CHAPTER XI.

Early in the morning I arose and kindled a fire and sat beside it, waiting for my master to awake. The day was still and cold, and what was unusual with us, a dark fog lay low on the land, like the skeleton of night left hanging in the air of dawn. Master turned over and I looked round at him. He did not notice me; he lay upon his back with one arm under his head, his great brown eyes wide open, a graceful curl of hair upon his classic brow. A piece of poplar kindling snapped—and he looked at me.

"Dan," he said, rising up, and propping his shoulders against the head-board, "what was it you said last night about John Marston?"

"I repeated what Miss May said; that she was going to marry him."

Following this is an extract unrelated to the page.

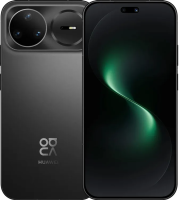 Мобильный телефон NOVA 15 PRO 12/256GB KLE-LX9 BLACK 51098TRU HUAWEI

"Why, he hasn't been here very often."

"But that doesn't seem to have made much difference," I replied.

He smiled at me. "Love comes once and is ever present afterward," he said, half musingly. And then rousing himself he added: "I am so much pleased to know that she is beyond the artifices of that nimble wolf that the prospect of her marriage with anyone else seems almost a blessing. But I wonder what father will say. I don't know but that he may look at it very much as I do, though I don't suppose he had an inkling that Bates was striving to win her."

"And how about your mother?" I asked.

I was looking straight at him, and I thought that his face darkened. "I could never understand her liking for him," he said.

"Neither can we understand a woman's liking for any man," I ventured to suggest, and he laughed as he got out of bed. He pulled off the snow-white counterpane and wrapped it about his shoulders, and stood before me a Greek poet, ennobled with the pride of a conquered prize.